BEGIN Dataset extract

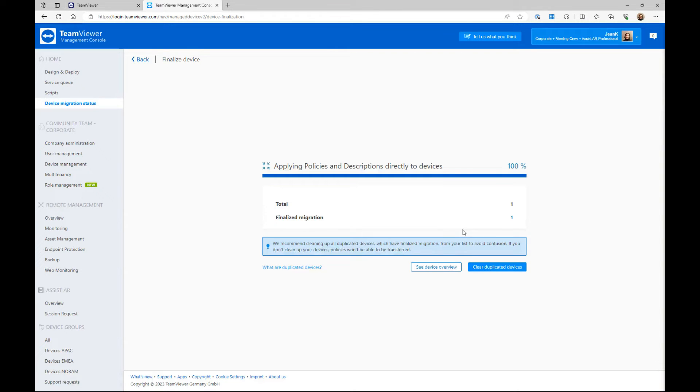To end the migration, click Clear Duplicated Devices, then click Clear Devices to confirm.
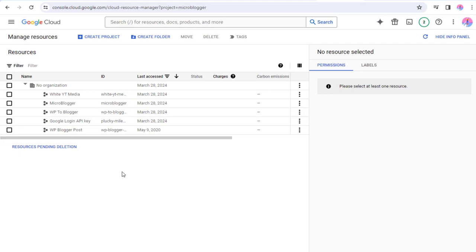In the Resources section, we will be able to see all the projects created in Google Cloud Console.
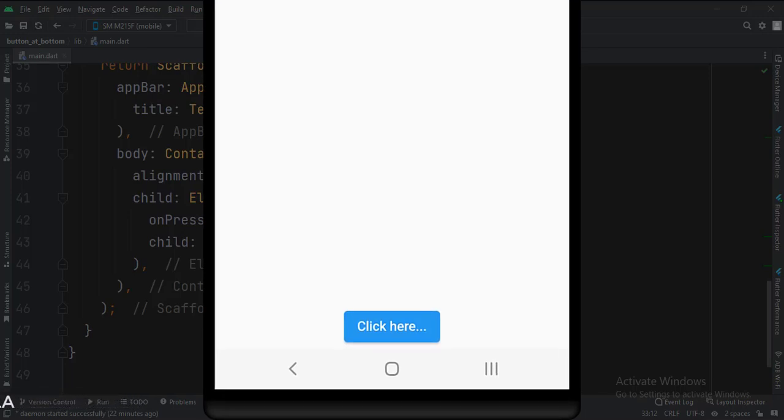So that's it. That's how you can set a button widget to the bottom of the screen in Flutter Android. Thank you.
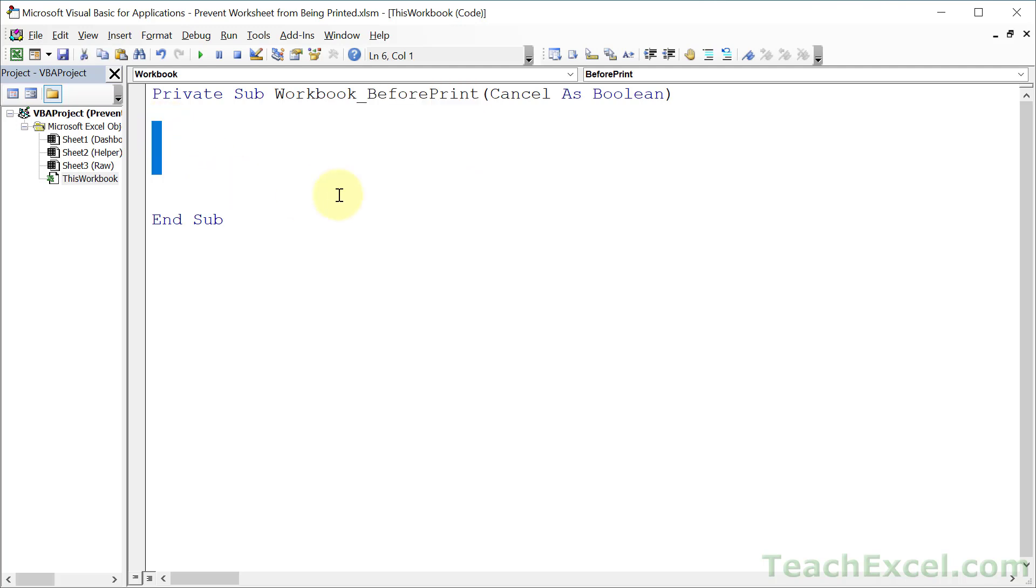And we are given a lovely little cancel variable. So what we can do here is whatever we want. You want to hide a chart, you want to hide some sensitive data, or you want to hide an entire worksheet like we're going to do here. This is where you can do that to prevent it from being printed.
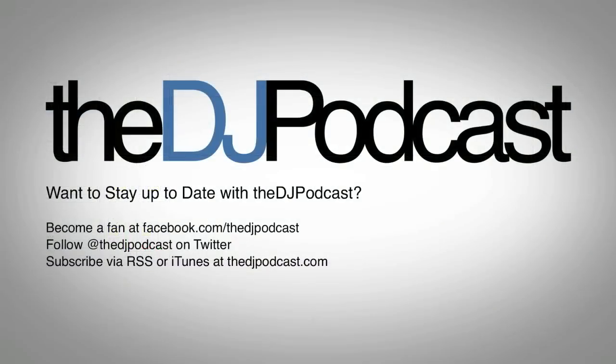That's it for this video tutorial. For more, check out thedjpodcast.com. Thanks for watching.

END Dataset extract

Description of the task
Copy exactly what appears in the entries, beginning with the first line and ending with the line that has "So that's it.", but not the pictures.

Answer for the task
To end the migration, click Clear Duplicated Devices, then click Clear Devices to confirm.
In the Resources section, we will be able to see all the projects created in Google Cloud Console.
So that's it. That's how you can set a button widget to the bottom of the screen in Flutter Android. Thank you.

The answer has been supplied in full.